▸ Available data:
━━━━━━━━━━━━━━━━━━━━
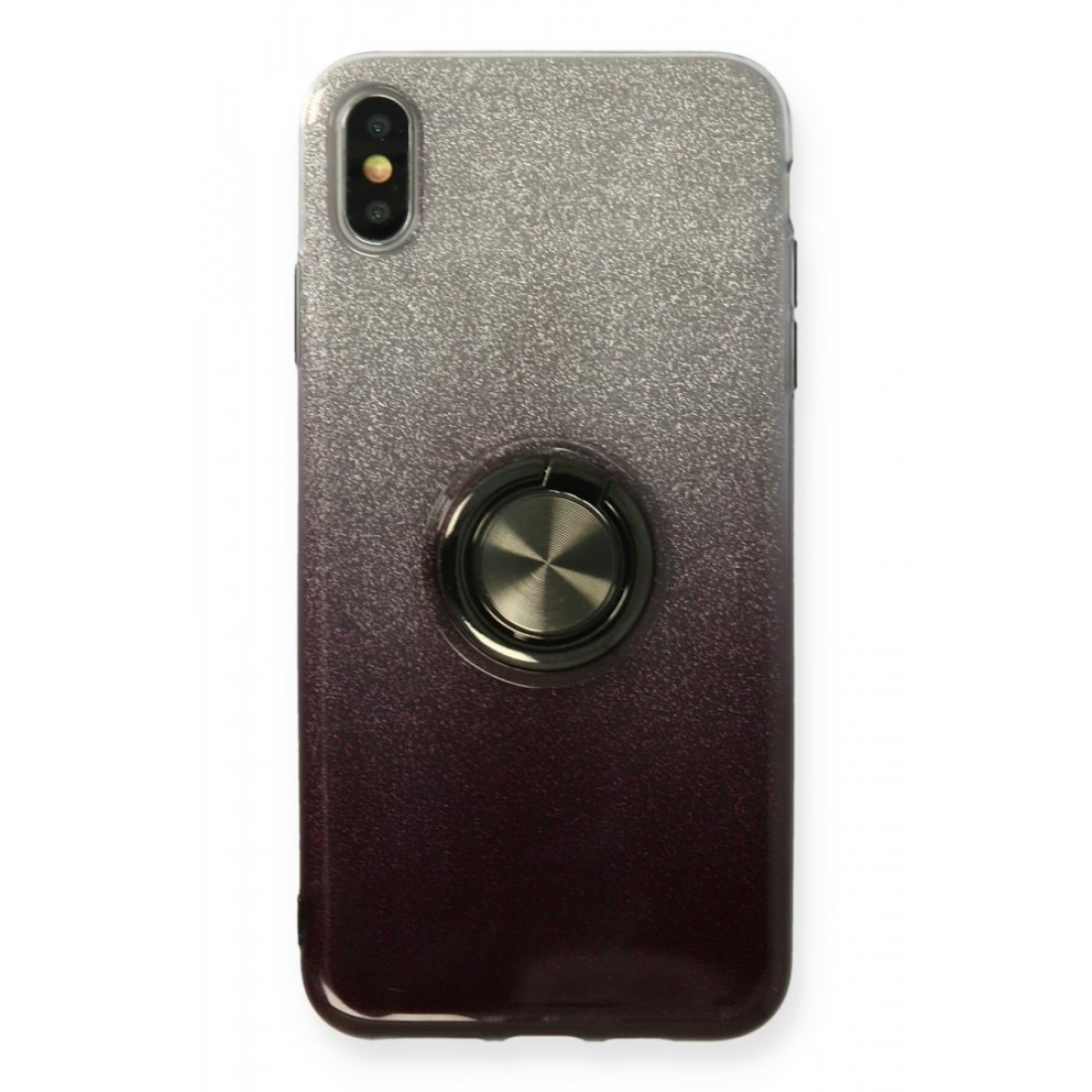  iPhone XS Max Kılıf Simli Yüzüklü Silikon - Siyah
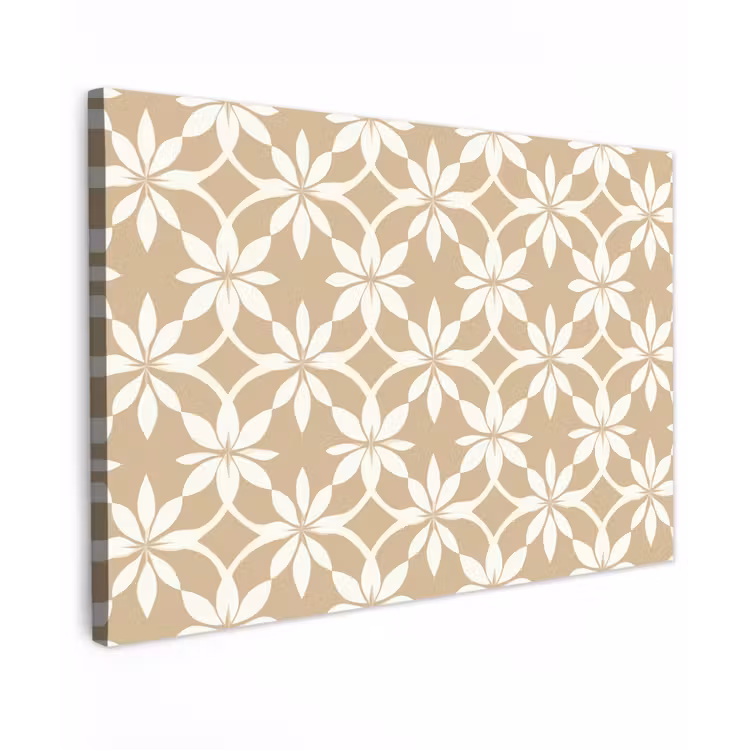 Bloemen - Patroon - Beige canvas 2cm klein 34 -z3d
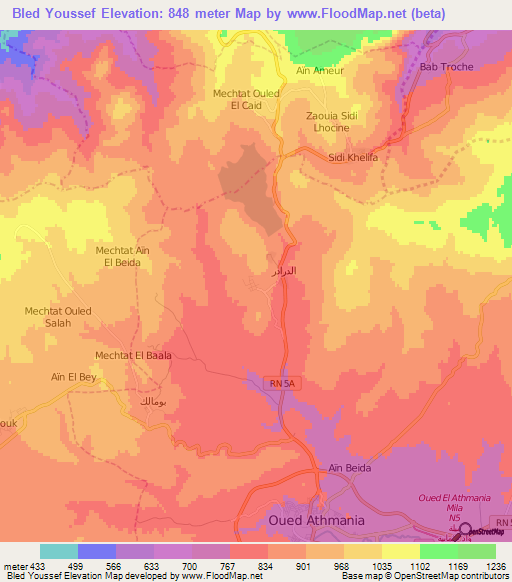 Bled Youssef,Algeria Elevation Map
━━━━━━━━━━━━━━━━━━━━
▸ Exercise objective:
Write out the data above in full and exactly, but not the pictures.

▸ Expected output:
  iPhone XS Max Kılıf Simli Yüzüklü Silikon - Siyah
 Bloemen - Patroon - Beige canvas 2cm klein 34 -z3d
 Bled Youssef,Algeria Elevation Map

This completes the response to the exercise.